Exercise objective >> Wherever "Denim" turns up in the entries, copy out the line that holds it.
+++ Study material
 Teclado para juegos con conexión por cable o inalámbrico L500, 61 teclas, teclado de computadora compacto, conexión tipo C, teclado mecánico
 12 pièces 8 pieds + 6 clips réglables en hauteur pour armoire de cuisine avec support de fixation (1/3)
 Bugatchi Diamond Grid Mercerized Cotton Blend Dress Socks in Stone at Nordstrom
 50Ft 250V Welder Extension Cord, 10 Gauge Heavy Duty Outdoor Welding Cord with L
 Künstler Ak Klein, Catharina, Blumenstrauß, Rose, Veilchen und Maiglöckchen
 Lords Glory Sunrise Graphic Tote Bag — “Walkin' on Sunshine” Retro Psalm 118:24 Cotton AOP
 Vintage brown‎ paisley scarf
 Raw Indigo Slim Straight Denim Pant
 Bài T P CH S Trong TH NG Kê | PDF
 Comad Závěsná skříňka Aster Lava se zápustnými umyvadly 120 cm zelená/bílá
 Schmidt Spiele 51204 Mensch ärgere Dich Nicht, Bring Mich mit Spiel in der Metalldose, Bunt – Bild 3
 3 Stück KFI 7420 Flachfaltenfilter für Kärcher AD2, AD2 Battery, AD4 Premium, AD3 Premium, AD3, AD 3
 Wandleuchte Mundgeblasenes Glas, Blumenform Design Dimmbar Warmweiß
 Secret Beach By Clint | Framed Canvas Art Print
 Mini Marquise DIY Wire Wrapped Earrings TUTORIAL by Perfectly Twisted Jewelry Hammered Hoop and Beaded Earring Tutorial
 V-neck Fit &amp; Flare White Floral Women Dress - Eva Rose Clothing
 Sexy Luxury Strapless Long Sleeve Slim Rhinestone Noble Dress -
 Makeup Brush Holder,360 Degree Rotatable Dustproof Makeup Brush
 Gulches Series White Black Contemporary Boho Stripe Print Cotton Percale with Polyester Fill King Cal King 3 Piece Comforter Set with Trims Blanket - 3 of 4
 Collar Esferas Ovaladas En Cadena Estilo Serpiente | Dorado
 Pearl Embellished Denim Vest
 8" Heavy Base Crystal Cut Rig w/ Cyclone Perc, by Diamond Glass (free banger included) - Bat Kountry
++++++
Response box >>
 Raw Indigo Slim Straight Denim Pant
 Pearl Embellished Denim Vest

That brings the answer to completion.